October 21, 2021 - UTMediaCAT/mediacat-docs GitHub Wiki
Agenda
John will continue looking at the various approaches to optimizing the postprocessor speed:
try solving the race condition when using the same dictionary by adding a locking mechanism
when using separate dictionaries, try a formal map produce from an existing python library
for one dictionary, try assigning separate keys to each process, with a shared dictionary.
Colin will look at the repo front-end, and esp look at visualizations ticket (#7); will author a new pull request and we'll look at this request next week
John will deprecate Voyage repository
Alejandro will follow up on SSH issue for Compute Canada
Notes
Optimizing Postprocessor speed
John has tried several approaches to optimization and discussed with KS and Nat - the first approach is the best one. 2 days to 4 hours.
John spent the week looking at the alternatives and verified his original approach was the correct one to take.

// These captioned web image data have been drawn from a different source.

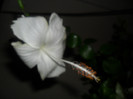 Hibiscus White Swann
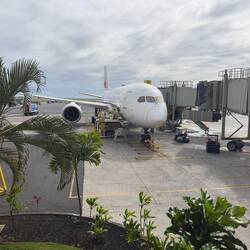 JA877J at the gate in HNL waiting to operate as JL71 to Haneda.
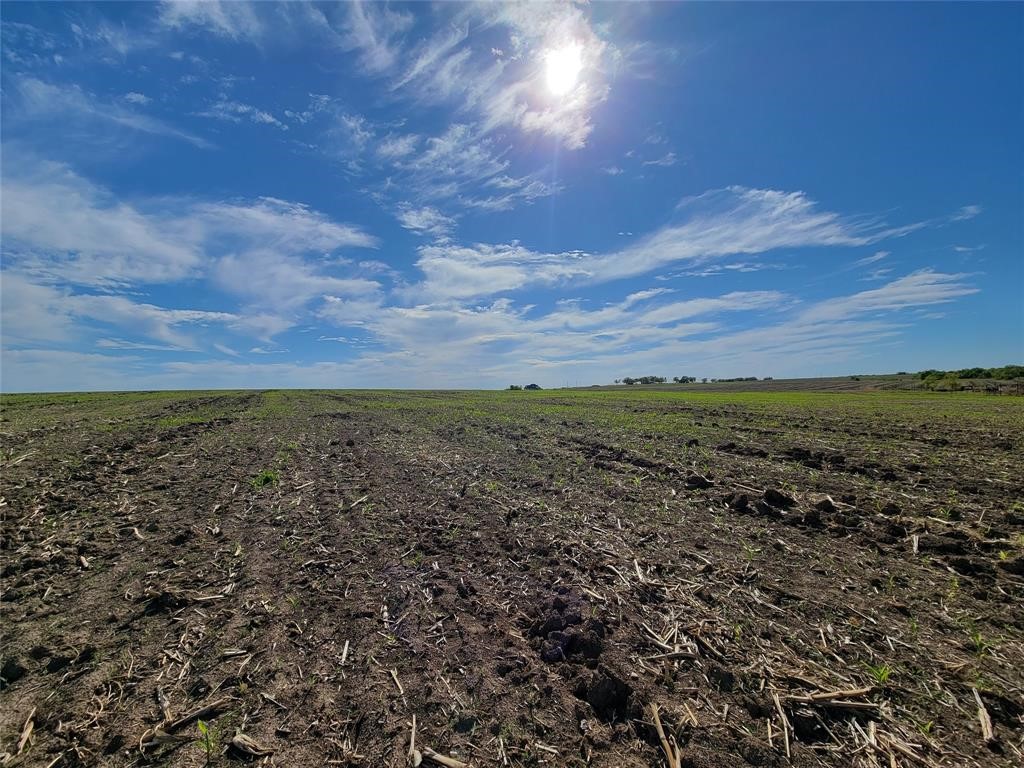 9750 Fm 971 Georgetown, TX 78626 - Photo 5 of 8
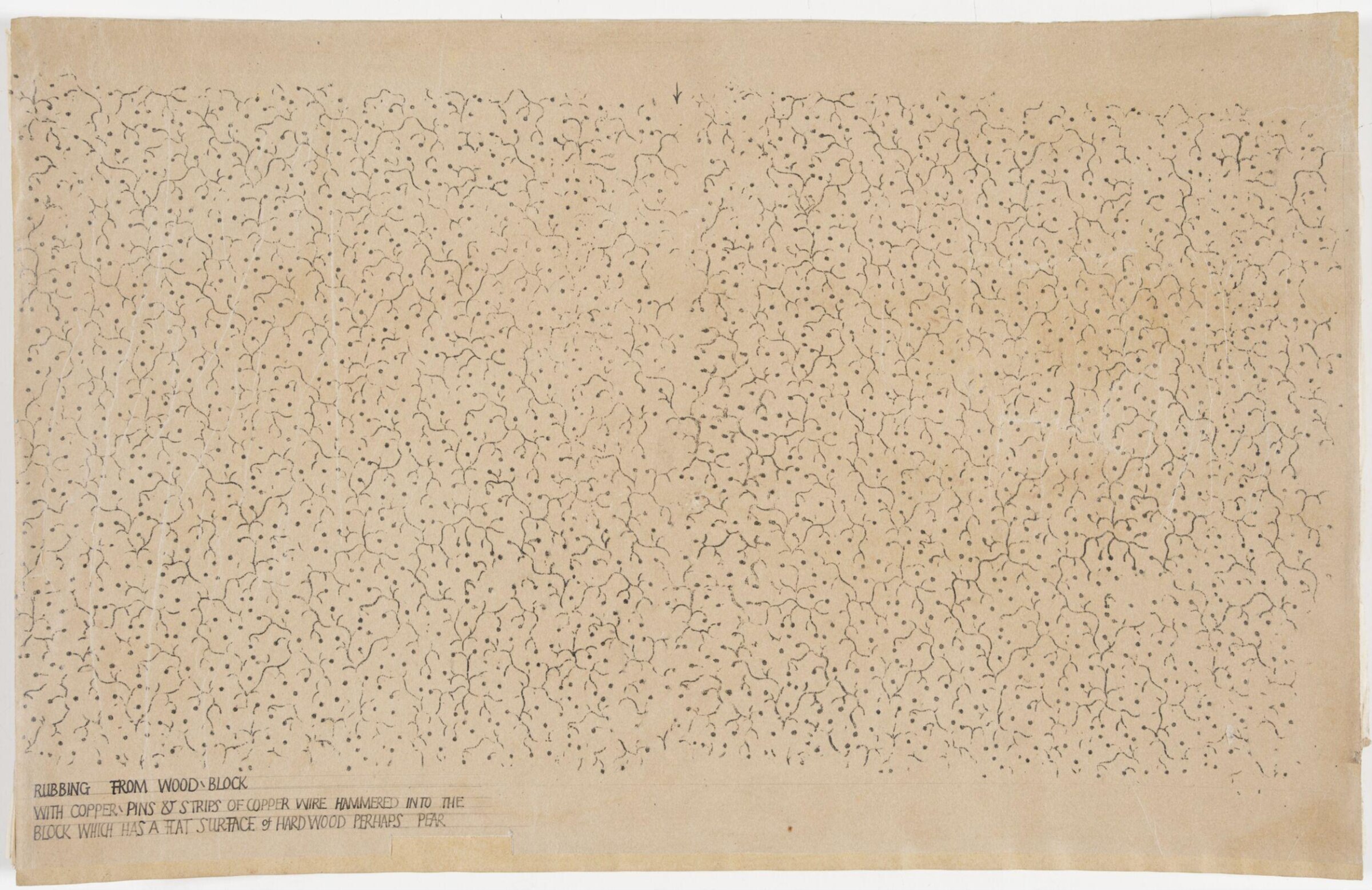 Impression from a wooden printing block, showing highly stylized stems with small fruits., Albert Edward Hayes, 19th century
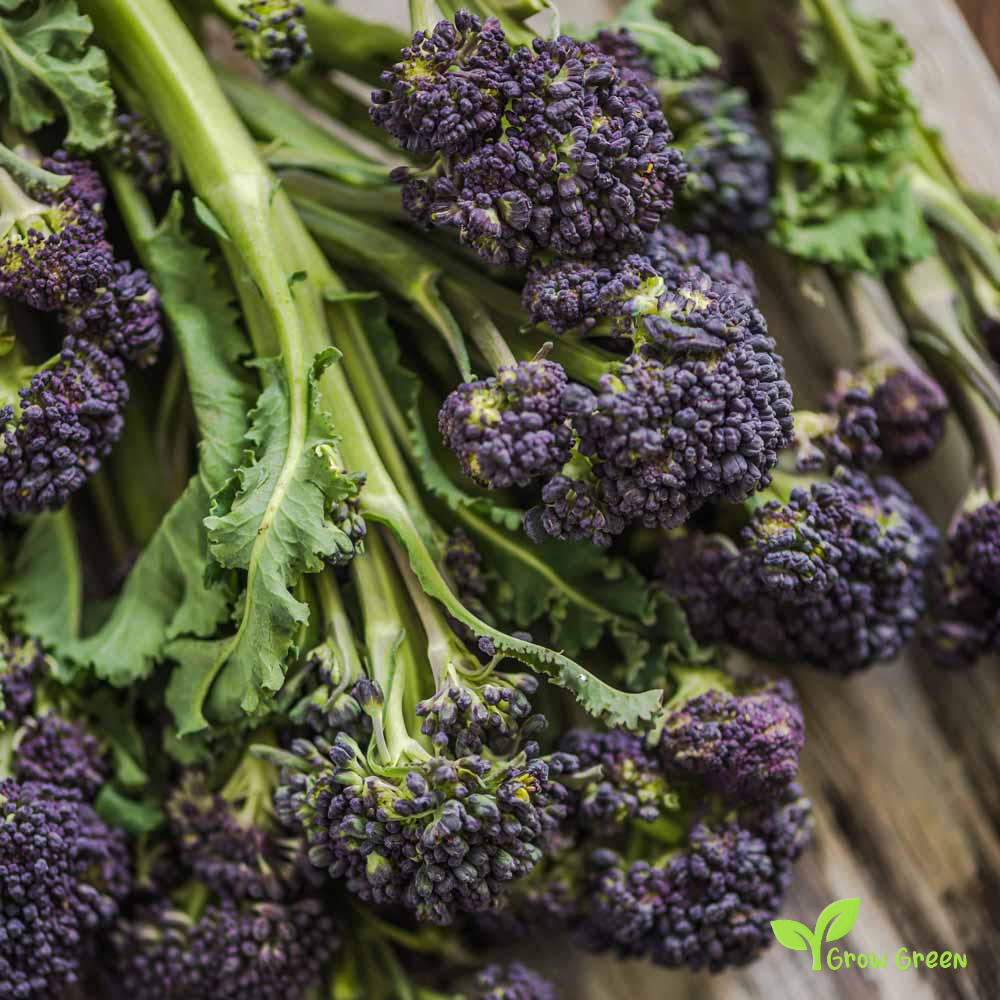 30 seeds of Purple Broccoli - BRASSICA OLERACEA var. ITALICA  + Gift 5 seeds Sunflower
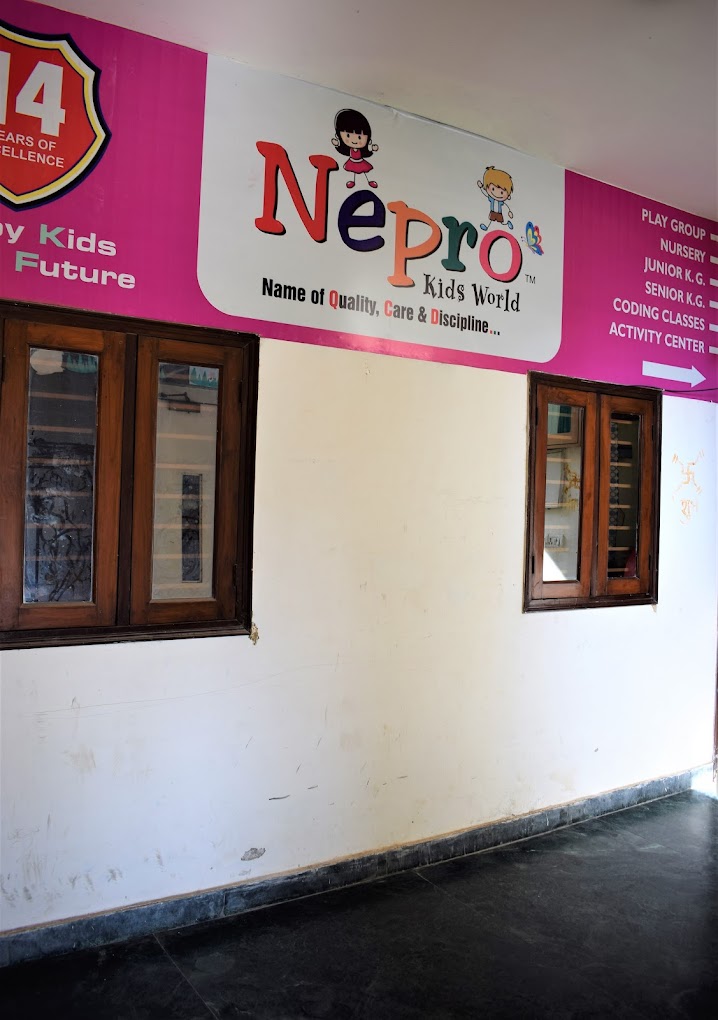 Nepro Kids School - Sikandra, Agra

New problem: Run out of memory at the very end and didn't process the twitter crawler data and needs to re-run the crawler. Working on an approach to monitor size and write to disk if the process is at risk, and is now seeking to re-run.
John is having a problem with Graham cloud that he is trying to address (he keeps getting kicked out). He will write Alejandro who will write the Compute Canada stuff.
Problem with SSH into Compute Canada resources
Alejandro tried to sort out with Colin but still experiencing the same problem. Adding IP under security groups didn't add anything. Jacqueline added John, so he doesn't know. Documented steps did not work. Alejandro will email Jacqueline to see if she can clarify and if we can get in we need to update documentation.
Visualizations
Colin can't run the existing repositories because the data set doesn't have dates on the domain side.
Colin will author a PR (we reviewed the PR and squashed it)
Colin will reprocess JSON file to add dates from URL where available so that he can try to run the stacked area graph. Will also try to get network diagram (force vector) if time allows.
Action Items
John
Finishing work on size monitoring feature for post-processor and testing
Writing Alejandro about the problem with Graham and getting kicked out
If time permits, beginning work on the troubleshooting of Metascraper in ticket 35
Colin
Providing .csv to Alejandro
Reprocessing the output JSON to include the dates that are available in URL for the domain hits
Try building the stacked area or network diagrams if time permits
Responding with any info requests on the thread that Alejandro starts with Jacqueline
Alejandro
Starting thread with Jacqueline - we need to find out how to properly add Colin to the Compute Canada resources and update the documentation to be correct.